-- YOUR INSTRUCTIONS --
If pictures appear in the lines below, skip them and copy exactly the lines from the one containing "How To Access PS5 Web Browser using messages" through the one containing "Bird Lover Coloring Book", and nothing else.

-- AVAILABLE DATA --
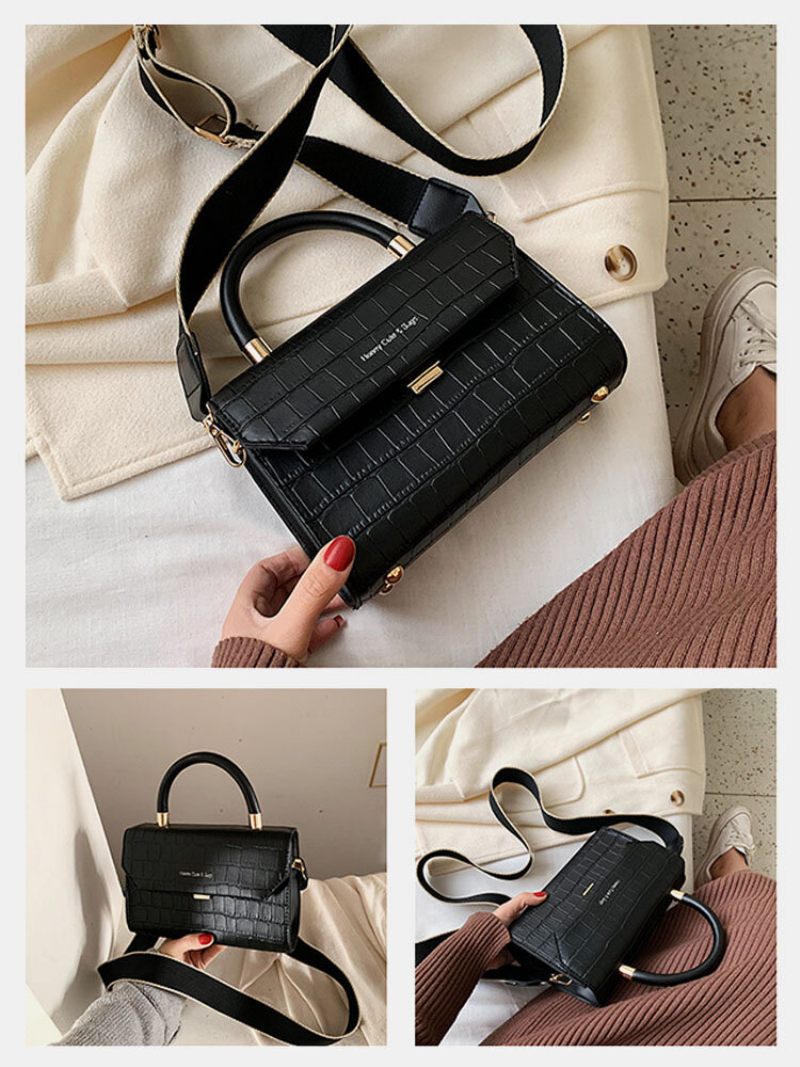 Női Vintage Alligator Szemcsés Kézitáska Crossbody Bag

---

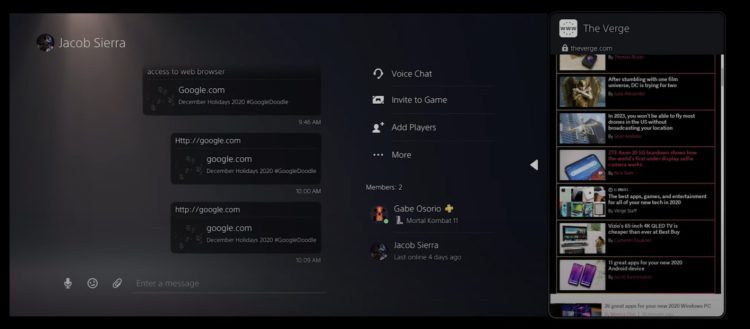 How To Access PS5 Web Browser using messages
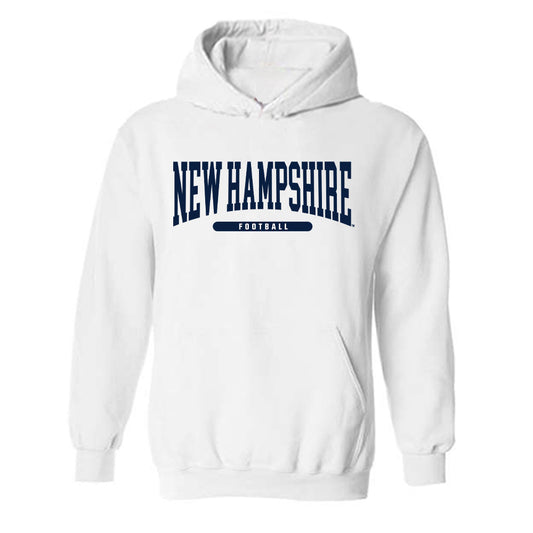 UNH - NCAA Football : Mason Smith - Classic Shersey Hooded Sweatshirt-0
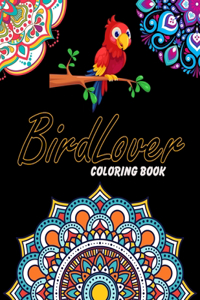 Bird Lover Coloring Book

* * *

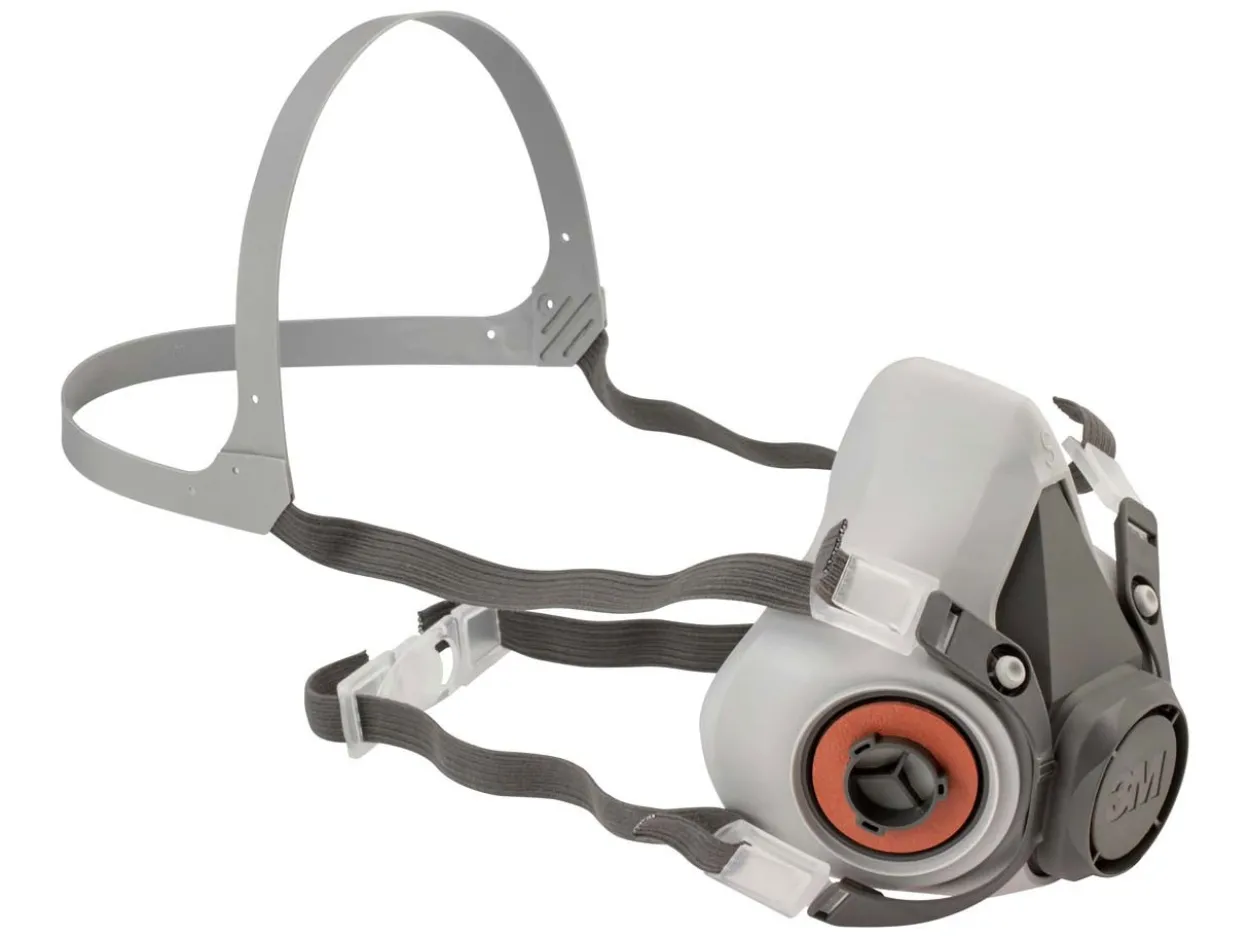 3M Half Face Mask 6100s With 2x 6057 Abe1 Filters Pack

-- THE ANSWER --
 How To Access PS5 Web Browser using messages
 UNH - NCAA Football : Mason Smith - Classic Shersey Hooded Sweatshirt-0
 Bird Lover Coloring Book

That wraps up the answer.